Sunday, June 29, 2008

Raining Aces

I played a 472 hand session on Saturday, during which I was dealt AA 7 times. Now you know where this is supposed to go, being the resigned poker fatalists that you all are. But it's not gonna go there! I did not get cracked every time. In fact, I won every time. Twice I got it all in PF, once against QQ, once against KK. I netted +59.90 with my 7 AA holdings.

I also had KK 4 times, but this is where the story starts to losing it's sunny disposition. Because one of those KK hands single-handedly rendered my session bloody red. I ended up down $10. I'm not whining about the end result, because I fell down a full $50 buy-in within 10 minutes of starting play. Here's the hand that I so badly butchered.
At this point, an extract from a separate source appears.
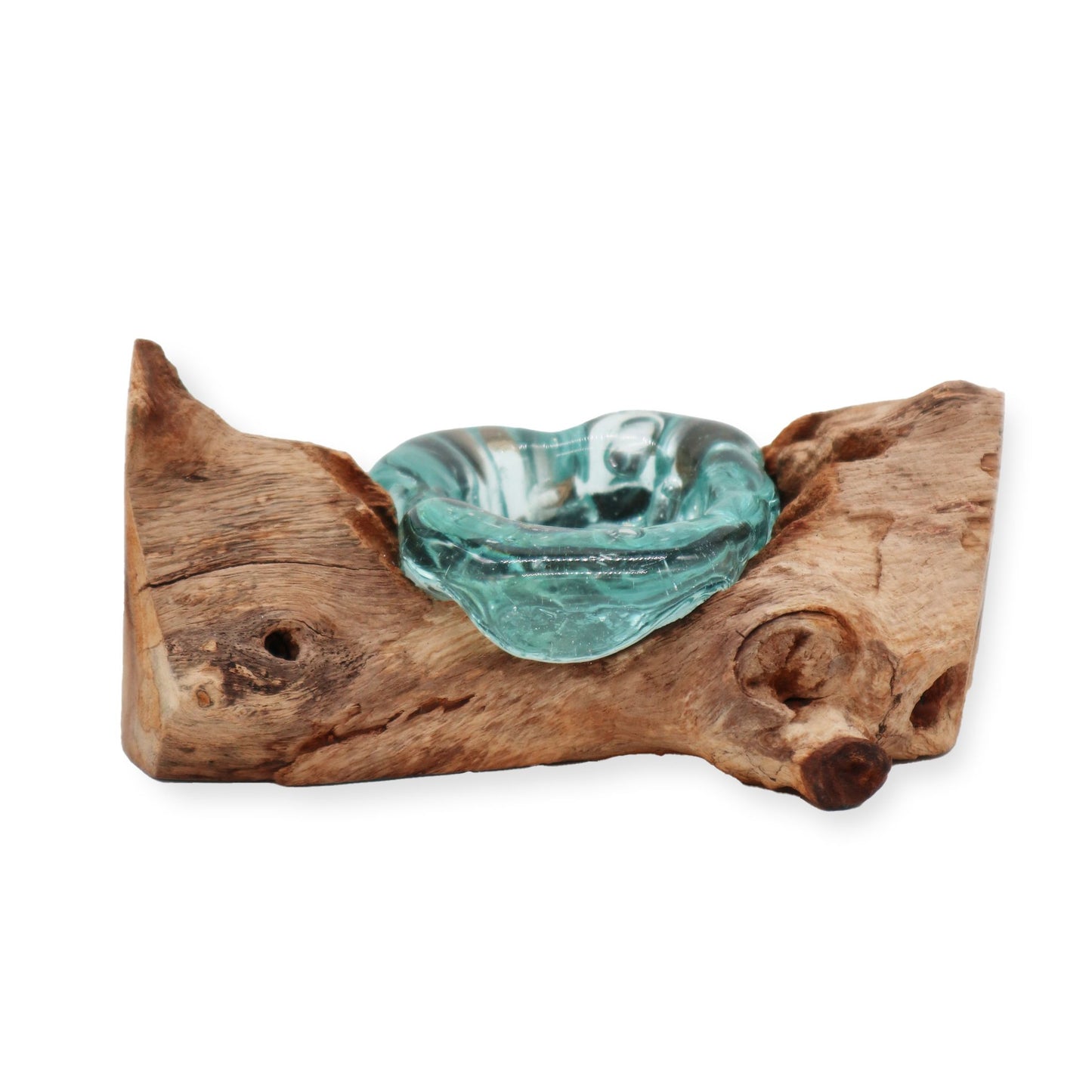 Molton Glass on Wood - Single Tealight Holder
BTN is 29/13/3.3 over 125 hands.

Full Tilt Poker, $0.25/$0.50 NL Hold'em Cash Game, 4 Players
Hero (BB): $53.40
UTG: $34.85
BTN: $105.10
SB: $22.70

Pre-Flop: K K dealt to Hero (BB)
UTG folds, BTN calls $0.50, SB calls $0.25, Hero raises to $2, BTN calls $1.50

Flop: ($4.50) T J 7 (2 Players)
Hero bets $3, BTN raises to $7, Hero calls $4

Turn: ($18.50) 3 (2 Players)
Hero checks, BTN bets $15, Hero raises to $44.40 and is All-In, BTN calls $29.40

River: ($107.30) 7 (2 Players - 1 is All-In)

Results: $107.30 Pot ($2 Rake)
Hero showed K K (two pair, Kings and Sevens) and LOST (-$53.40 NET)
BTN showed 9 8 (a straight, Jack high) and WON $105.30 (+$51.90 NET)
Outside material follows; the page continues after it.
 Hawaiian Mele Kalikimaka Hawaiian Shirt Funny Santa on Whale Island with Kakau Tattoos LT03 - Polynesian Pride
I have to say that it's been quite a while since I've had an overpair get skewered like this. I'm sure that had a strong influence on my play and my apparent confidence that I was in pole position.
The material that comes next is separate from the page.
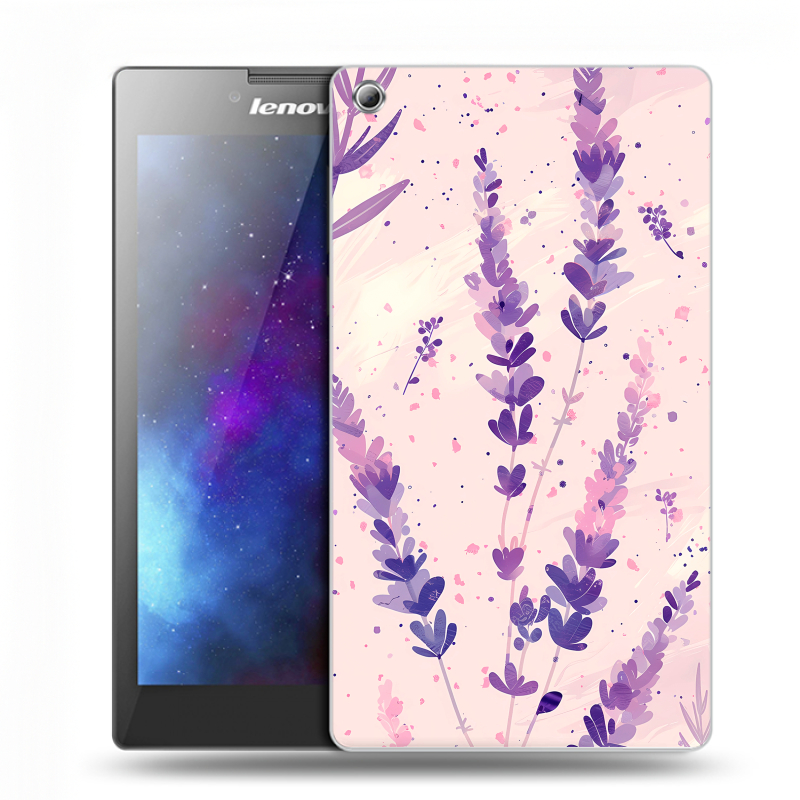 Силиконовый чехол на Lenovo Tab 3 7 с принтом цветы лаванда Силиконовый чехол на Lenovo Tab 3 7 с принтом цветы лаванда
But I'm still left with a few questions about what was the right way to play this hand. There are two critical points here, the flop and the turn.

On the flop, Villain raises my C-bet from $3 to $7. Maybe I should I have been suspicious about a small raise. But if anyone tells me that they're folding there, I'd say they're crazy. Because if you fold an overpair to a min-raise (for all practical purposes) on the flop, you're throwing away dough. So I'm either calling or raising. Retrospectively, I think my mistake was not making another raise here. The benefit of my opponent's small raise is that he leaves me with room to make another re-raise without committing myself to the pot. So I could have raised to $17-$20, and given myself a chance to get away if he pushed. But if he doesn't push it in there, what am I doing when a blank hits the turn?

But a part of my villain's range here is a flush or straight draw (or both), so part of my logic was to hope for a blank on the turn and then make a strong move. That's what I ended up doing, check-raising all-in on an off-suit 3. I thought Villain's $15 turn bet seemed largish after making such a small flop raise, so I read it, optimistically, as a semi-bluff.

Maybe this is a worst-case type of situation, with little chance of escaping, but I wonder if anyone has any advice on how to act here.